My mentor, an old hobo named Abe, gave me a lesson in this our very first day on the road together in Texas. When we were hungry he marched into a Domino’s Pizza and offered to sweep the parking lot in exchange for food. The same man who had been lecturing me on walking too fast all day long grabbed a broom and swept that parking lot with more gusto than I had ever seen anyone sweep before. We devoured those two pizzas he’d earned for us.
And when we got back home to Berkeley CA a few weeks later he lined up a job on a paving crew within 24 hours of our arrival. He did this by going up to every single guy in a work truck who crossed our path as we ran errands our first day home.
Parlaying my newfound experience as a hobo into my own job, I became a roving correspondent for the Hobo Times, a magazine about the hobo life. Once I even interviewed the King of the Hobos.
At that fabled gathering in Dunsmuir, there were quite a few people and there wasn’t much open space, this being an old cemetery. We ended up sleeping on graves. I shared a grave with a woman from Los Angeles who was working through her breakup with a married man by having a bona fide adventure.
I wandered through the cemetery, looking at gravestones. I found the place where we had lain. But the old hobo’s house was gone. There was a swath of green grass where I remembered it. I wondered if my memory had become confused.
I saw a woman entering a house next to the cemetery. I approached her and asked her if there used to be a house in the cemetery. I half expected her to say that they had razed the old hobo’s house because of the wild gatherings he would host.
Instead, her face lit up at the memory of her old neighbor. She told me that when he got too old to work he had gone into a bank and declared that he was robbing it. Just stated it, so that he would get room and board. She also told me about her dad who had come from another state to settle in Dunsmuir. He became an railroad engineer and lived in a house right above the rail yard.
“Now what was that old hobo’s name?” she said.
I asked her if hobos were still coming through. In my mind, the hobos had died out when I myself stopped riding the rails.
“Oh, sure,” she said. “I see them all the time. I call them ‘The Brown People’ because they spend so much time out under the sun and they’re just so dirty from not washing. Some people run them off but they’re very polite. They never took anything from me. We have more problems with the local people, the tweakers, than we do with the hobos.”
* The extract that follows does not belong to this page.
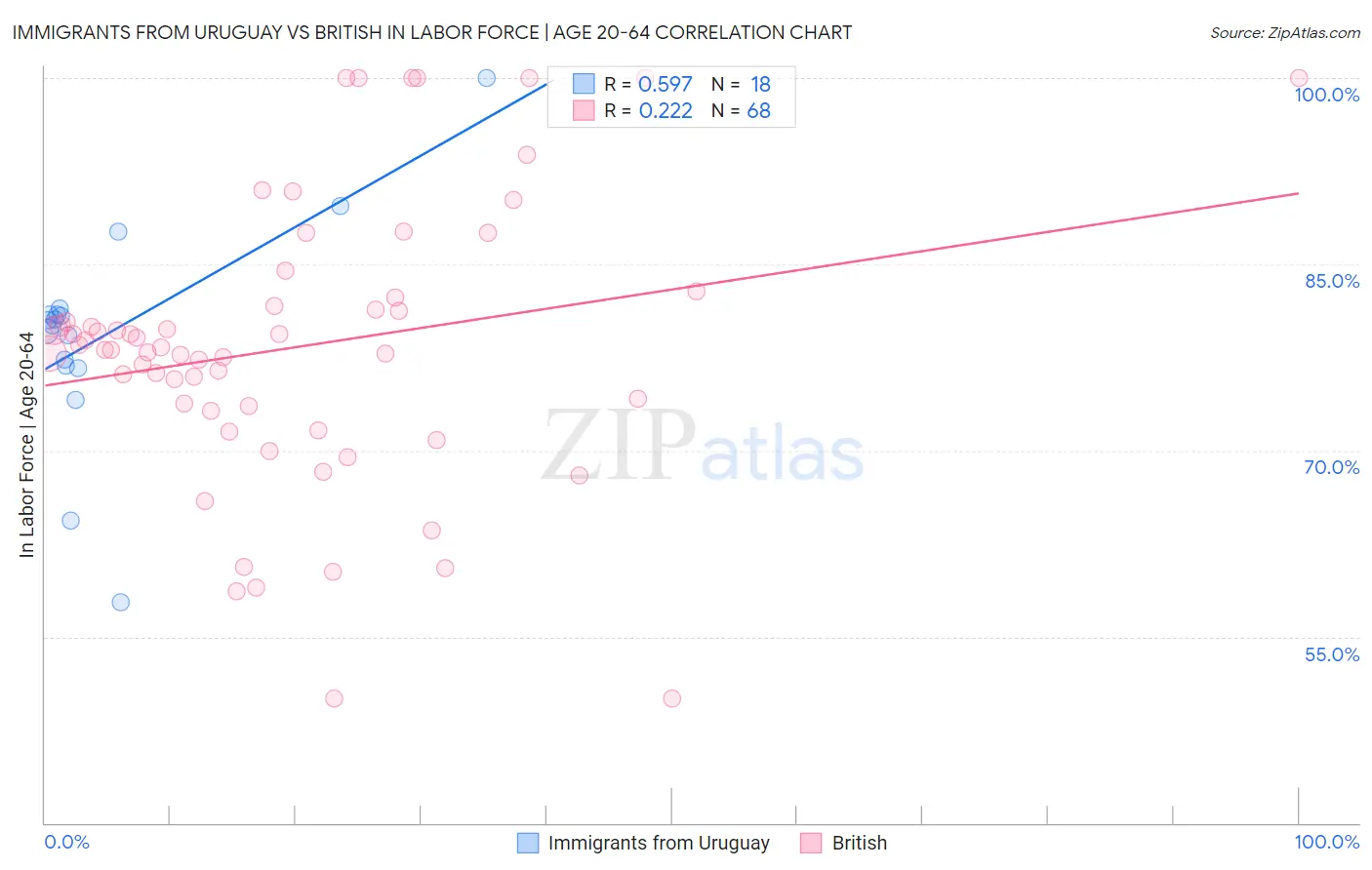 Immigrants from Uruguay vs British In Labor Force | Age 20-64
“Now if you want to find out more about that old hobo – what on earth was his name? – there’s a man who lives at the trailer park who made a documentary about him. Now, he’ll talk your arm off.” Then, laughing, she added, “Like me.”
“I started talking about other things to see if it would help me remember his name but it didn’t work.” She paused, still hoping it would come. I thanked her and took my leave.
I was almost out of the cemetery when she shouted, “Roadhog! That’s it! That was his name.” When she said it I remembered it too. Now I had a name to go with my memories of that place and that night I spent there, listening to the trains passing in the night.